Deep In the Woods (Promenons-Nous Dans Les Bois)

France. 2000.

Crew

Director/Adaptation – Lionel Delplanque, Screenplay – Annabelle Perrichon, Producers – Olivier Delbosc & Marc Misssonier, Photography – Denis Rouden, Music – Jerome Coullet, Production Design – Arnaud de Moleron. Production Company – Pathe/Fidelite Productions/Le Studio Canal +/Glozel Diffusion

Cast

Clotilde Courau (Sophie), Clement Sibony (Matthieu), Vincent Lecouer (Wilfried), Francois Berleand (Axel de Fersen), Alexia Stresi (Jeanne), Maud Buquet (Mathilde), Denis Lavant (Stephane), Thibault Truffert (Nicolas de Fersen), Michel Muller (Policeman)


Plot

Five actors travel to the imposing country estate of Axel de Fersen where they have been hired to put on a performance of ‘Little Red Riding Hood’ for his autistic son Nicolas. The group find Axel, Nicolas and the surly groundsman Stephane all very strange. Axel makes sexual advances on one of the male players. At the same time, there is news of a psychopathic killer in the area and someone starts killing members of the group.
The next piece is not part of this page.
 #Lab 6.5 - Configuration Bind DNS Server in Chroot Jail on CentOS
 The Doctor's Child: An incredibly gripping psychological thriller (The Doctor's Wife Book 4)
Deep in the Woods is one of several films that have set out to deconstruct the Little Red Riding Hood fairytale. Of all fairytales, Little Red Riding Hood lends itself to modern horror interpretation more than most where The Big Bad Wolf usually becomes a werewolf. The first to do so was Neil Jordan’s The Company of Wolves (1984) and this was followed by the anime Jin-Roh: The Wolf Brigade (1998), Trick ‘R Treat (2008) and Red Riding Hood (2011), before being spoofed in The Wolves of Kromer (1998). Then there was Freeway (1996), where Little Red Riding Hood became a gun-toting teenage runaway and the Big Bad Werewolf a serial killer. Deep in the Woods is a slasher film wherein Little Red Riding Hood is dazzlingly wound in and out of the story as a metaphor, with both a performance of a play version being one of the central focuses, while imagery from the fairytale is wound in around the stalking of a group of people through the woods and a chateau.
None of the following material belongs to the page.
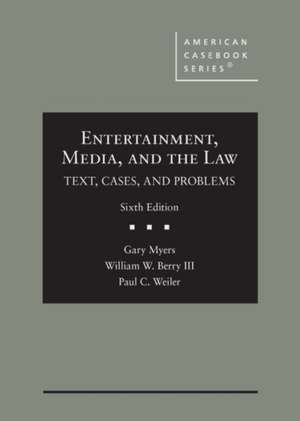 Entertainment, Media, and the Law de Paul C. Weiler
Director Lionel Delplanque sets in with a stylish grip and never lets up – that is the pleasure of the film. For a time, you are not even sure what type of film Deep in the Woods is. It is only in during the last third that the film reveals itself to be a slasher film rather than a monster or werewolf story. The young cast are a standard victimology spread for a slasher film with about as much depth of characterisation, although they do at least get more naked than their modern American counterparts do. Delplanque manages quite ably able to keep everything in the film in a constant state of unease. Suspicion shifts between each character – including the victims – and back with deft regard. The film is never better than during the early scenes where Delplanque creates something both superbly amusing and sinister out of Francois Berleand’s suggestive sexual advances on Vincent Lecouer. Delplanque also creates some fine scenes with cameras eerily prowling through midnight forests, some unique novelty deaths and an eerie scene where the wolf costume comes alive to attack Maud Buquet as she emerges from the shower into a bathroom that has seemingly become an entire netherworld filled with steam. Delplanque’s constant generation of stylish eerie imagery sets Deep in the Woods head and shoulders above most modern post-Scream (1996) studio-processed teen slasher fodder.